▶ [Requirement]: Would you please transcribe, exactly as written, the lines of the entries below starting at the one that holds "König Charles und" and ending at the one that holds "Lead Cabin |", both included?

▶ [Task inputs]:
_ _ _

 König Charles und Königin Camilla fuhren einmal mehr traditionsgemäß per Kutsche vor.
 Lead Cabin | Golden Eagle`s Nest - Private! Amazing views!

_ _ _

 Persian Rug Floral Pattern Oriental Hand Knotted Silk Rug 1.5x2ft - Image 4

_ _ _

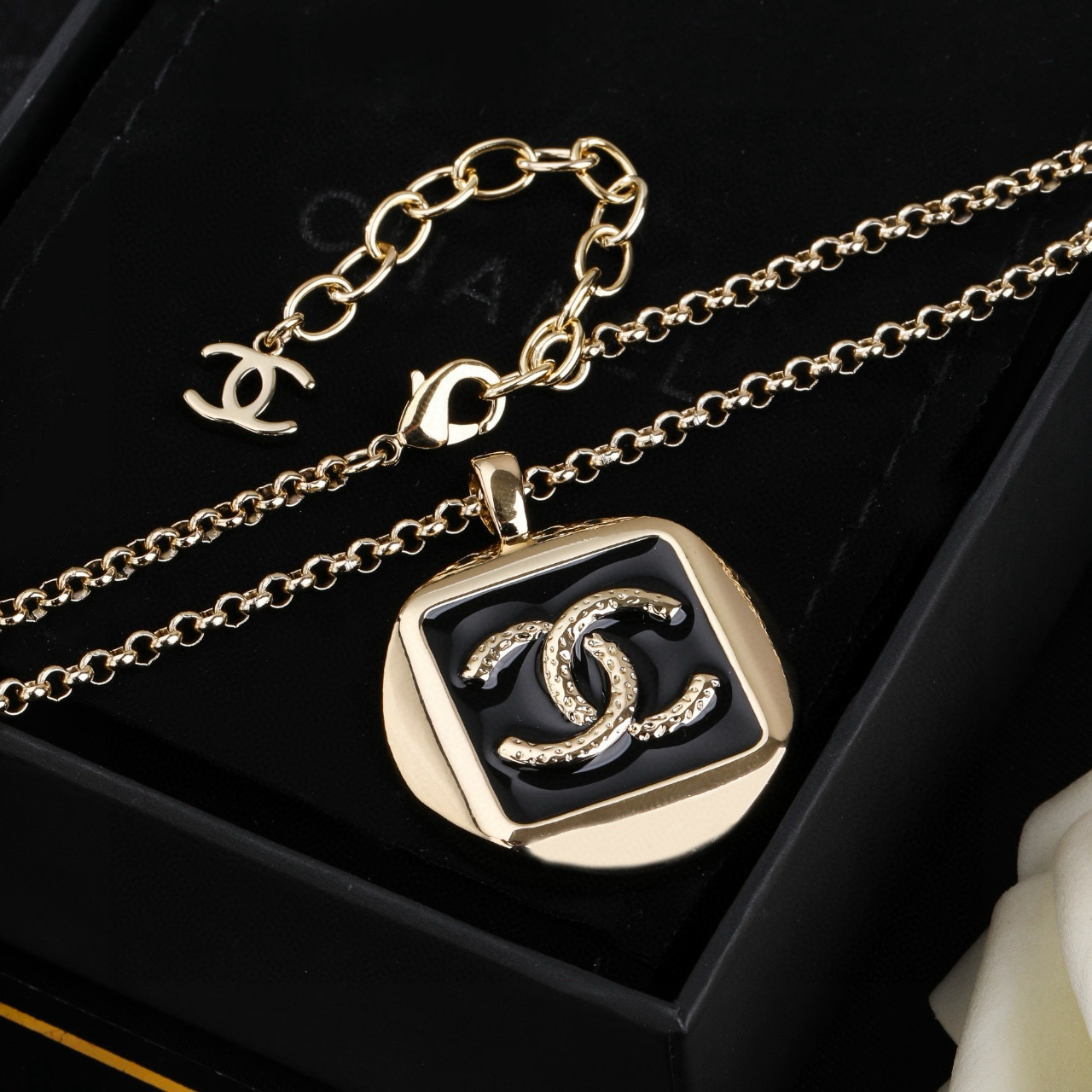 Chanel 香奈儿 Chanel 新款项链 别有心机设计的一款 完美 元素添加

_ _ _

▶ [Your response]:
 König Charles und Königin Camilla fuhren einmal mehr traditionsgemäß per Kutsche vor.
 Lead Cabin | Golden Eagle`s Nest - Private! Amazing views!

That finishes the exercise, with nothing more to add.